## WORK ORDER
Beginning at the top of the entries below, retype each line exactly until the line containing "扯乱弹是什么意思的图片" has been written out; include no pictures and no later lines.

*** MATERIAL SHOWN Section Begins ***

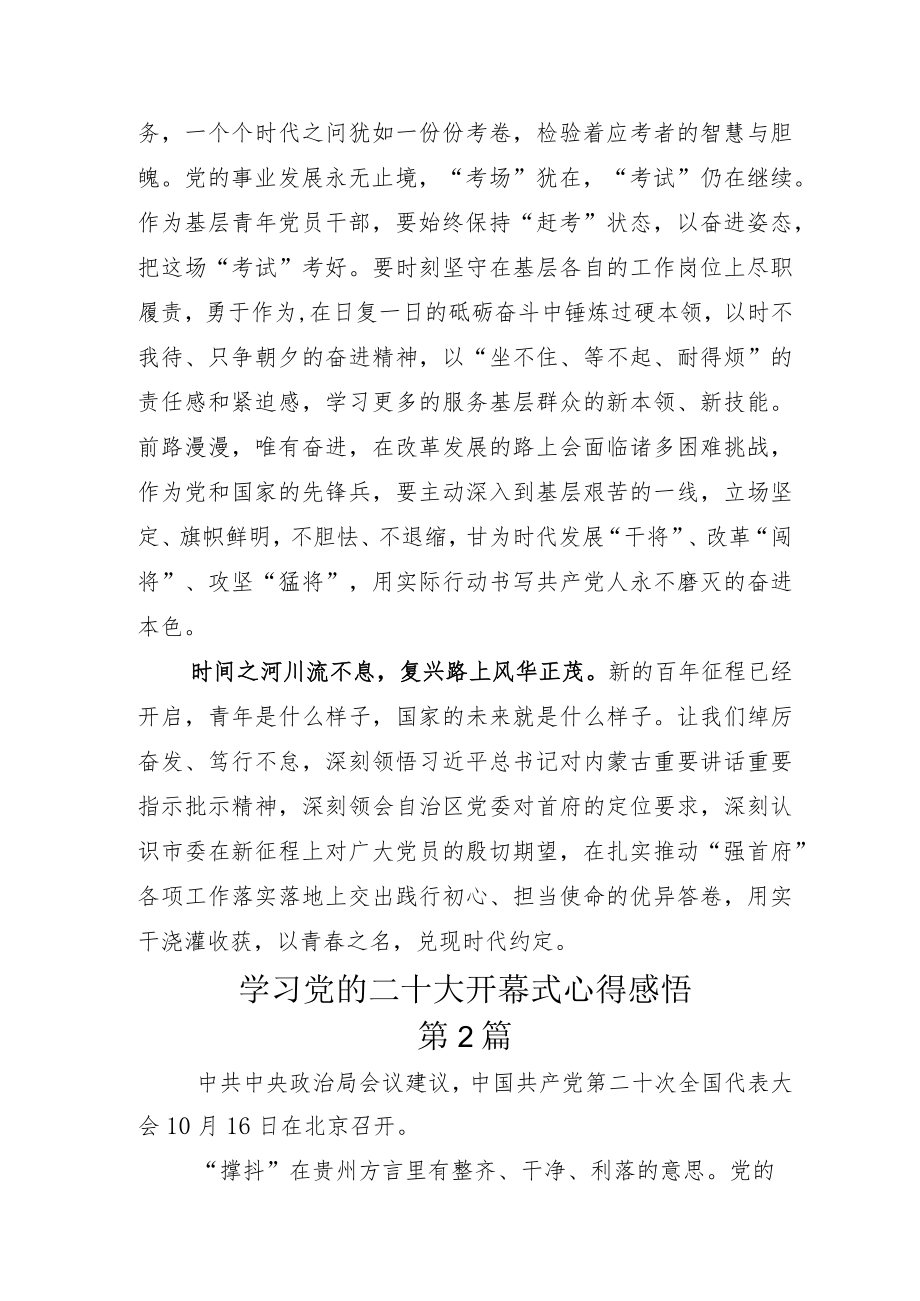 党员干部学习“二十大”报告心得体会感悟.docx_第3页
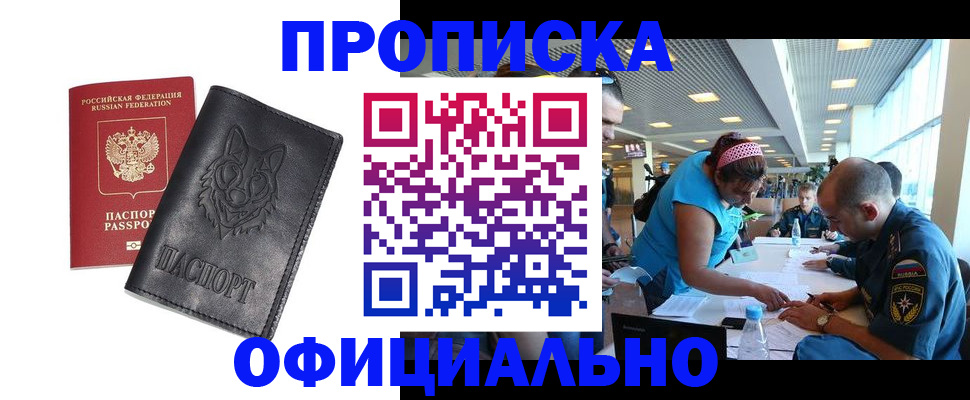 прописка для работы в Сафоново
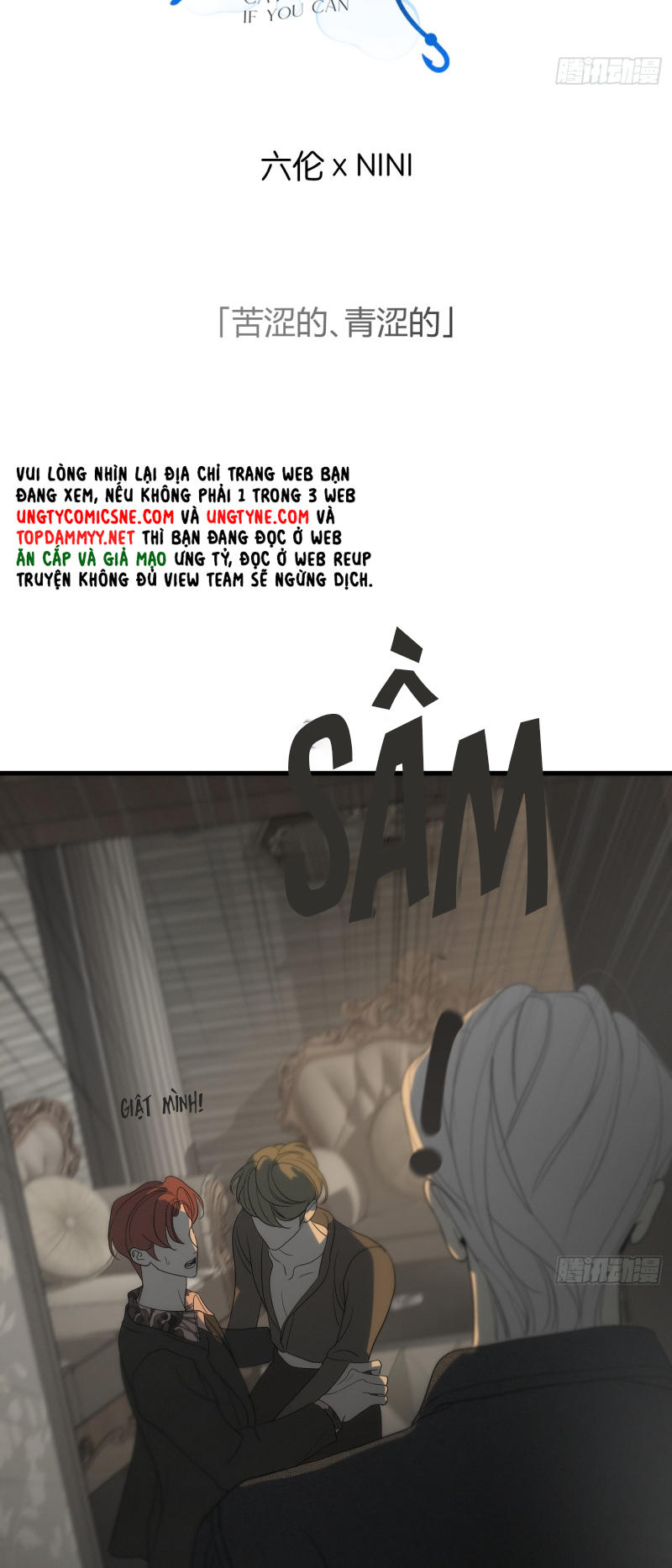 Mồi Nhử Chap 7 - Trang 2
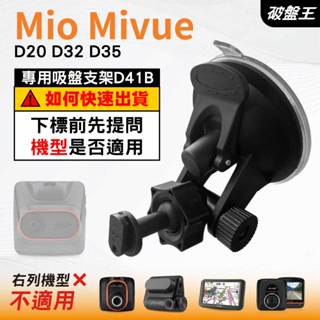 Mio行車紀錄器吸盤支撐架｜MiVue D20 D32 D35 N676CG ｜臺南現貨｜多角度吸盤架｜D41B｜破盤王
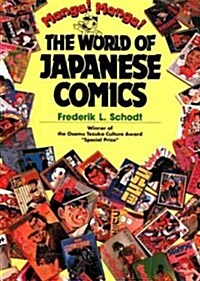 Manga! Manga!: The World of Japanese Comics (Paperback)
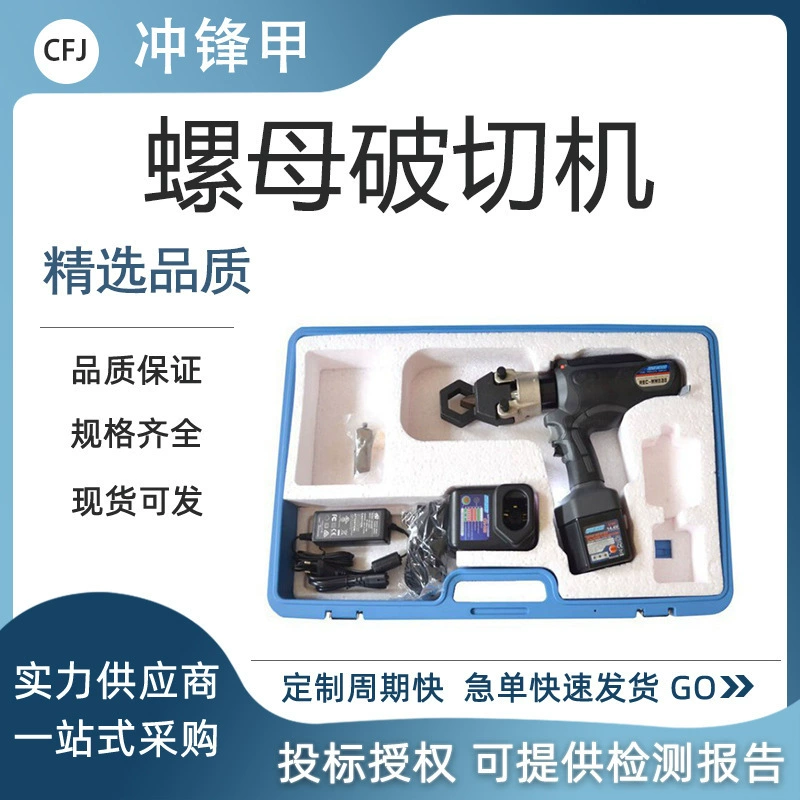 Япония IZUMI REC-MM636 гайка с одним электрическим, одним перезарядным, одним перезарядком и двумя держателем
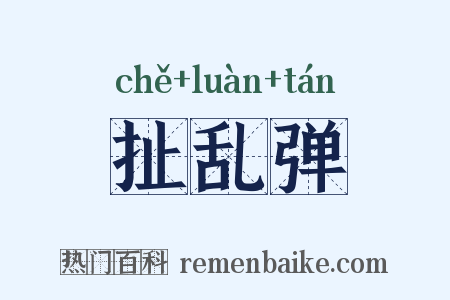 扯乱弹是什么意思的图片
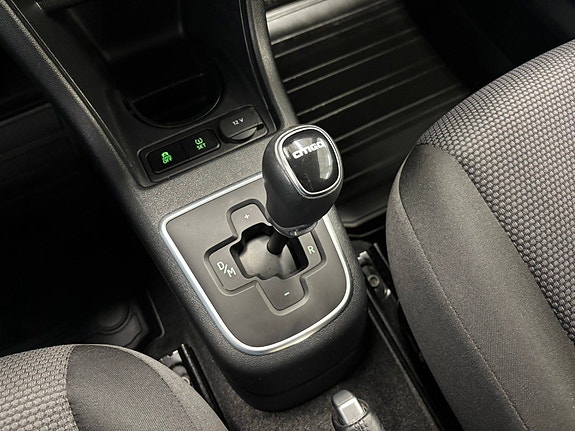 Skoda Citigo 23 of 28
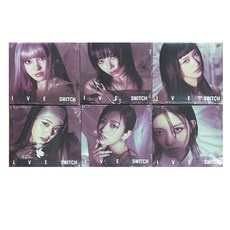 Must Have Item 아이브디지팩 최저가 상품 탑 5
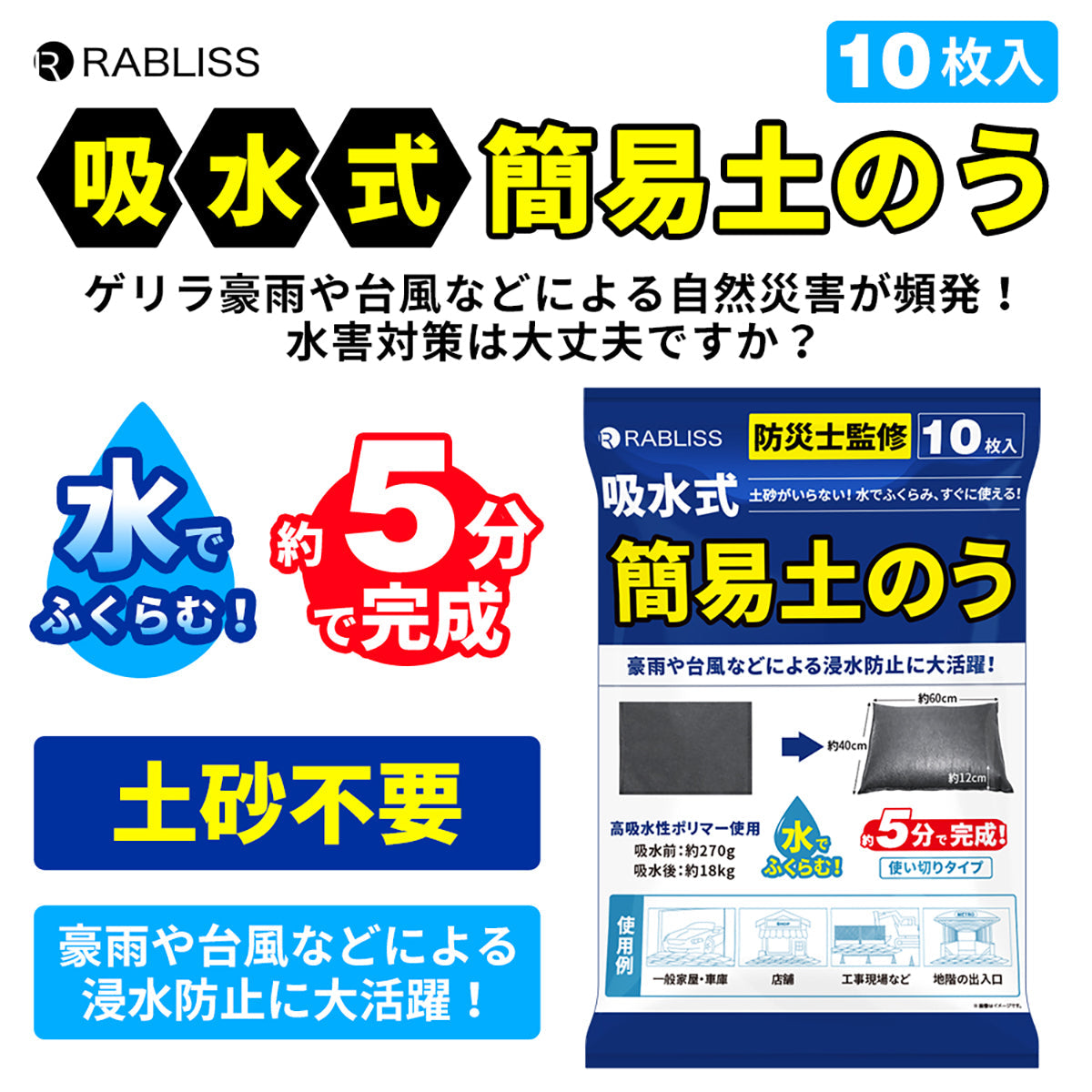 吸水式簡易 土のう 10枚入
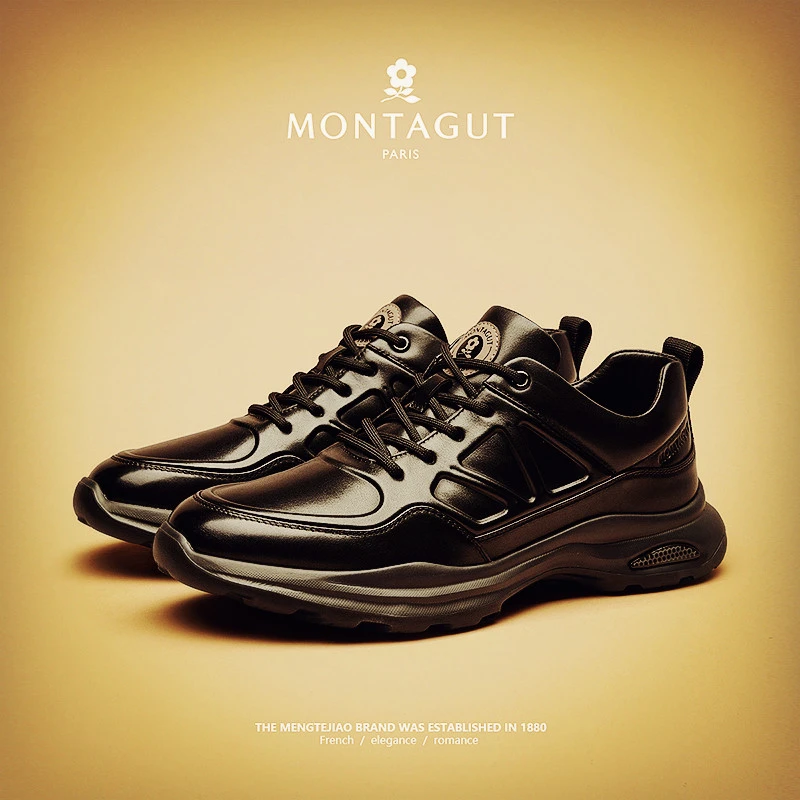 Montagut跑步鞋子男款秋季2025新款时尚百搭潮流厚底休闲运动潮鞋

*** MATERIAL SHOWN Section Ends ***

## TASK ANSWER
 党员干部学习“二十大”报告心得体会感悟.docx_第3页
 прописка для работы в Сафоново
 Mồi Nhử Chap 7 - Trang 2
 Mio行車紀錄器吸盤支撐架｜MiVue D20 D32 D35 N676CG ｜臺南現貨｜多角度吸盤架｜D41B｜破盤王
 Manga! Manga!: The World of Japanese Comics (Paperback)
 Япония IZUMI REC-MM636 гайка с одним электрическим, одним перезарядным, одним перезарядком и двумя держателем
 扯乱弹是什么意思的图片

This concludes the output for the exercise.